Si Blood Bowl est un jeu volontairement très déséquilibré, cela ne pose aucun problème pour le joueur standard qui accepte bien qu’un elfe sur un terrain c’est plus efficace qu’un hobbit. Mais dans TBS (le jeu que je fais pour la gamme de Jérem) et Trauma (que je fais pour Blacksmith Miniatures), j’ai voulu conserver le principe d’équilibre et donc je récompense supérieurement le joueur qui perd par rapport à celui qui gagne.

Dans mes deux jeux, le système de progression est différent (l’un fonctionne à des choix de bonus sur la prochaine partie, l’autre sur une expérience effective globale), mais je donne toujours plus à celui qui perd. Eh bien, presque à chaque fois, ça ne rate pas : un joueur qui lit la règle me dit « tu t’es trompé la, non ? Regarde, c’est celui qui perd qui gagne plus que l’autre. »
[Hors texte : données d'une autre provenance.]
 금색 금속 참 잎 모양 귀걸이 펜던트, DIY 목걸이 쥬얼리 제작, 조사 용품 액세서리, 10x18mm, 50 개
Quand je leur explique la raison de cet état de fait, ils comprennent tous sans exception la logique qu’il y a derrière. Mais quand le produit sera sur les étals et que les joueurs vont lire la règle après achat ou sur Internet en PDF, personne ne sera là pour leur expliquer quelle intention se cache derrière. On risque donc de se retrouver avec toute une partie de la population qui va inverser les récompenses, croyant être dans le vrai, en faisant inconsciemment leur travail de « game designer ».

Pour TBS et Trauma, plutôt que de faire un long discours sur le pourquoi du comment, j’espère avoir réglé le problème en mettant une réponse dans la FAQ. Dans TBS, pour l’instant cela a cette forme : « Q : Dans la règle optionnelle de Ligue, c’est bien le joueur qui perd la partie qui gagne les 3 bonus et le vainqueur qui n’en gagne que 2 ?
R : Oui, le but ici est de conserver un équilibre entre les joueurs, non pas de creuser l’écart entre eux avant même que la partie ne débute. »

Même si le joueur ne comprend pas, au moins il a la confirmation que la règle ne contient pas d’erreur, ensuite libre à lui de jouer comme il l’entend ; au moins ce sera en connaissance de cause.
Pour toute mécanique dans le jeu (pas seulement l’expérience), il faut donc faire le choix entre sa pertinence ou sa bonne compréhension par le public, en essayant toujours de mélanger les deux ; et pour l’expérience (comme tout autre système de récompense), ce n’est pas une chose toujours facile.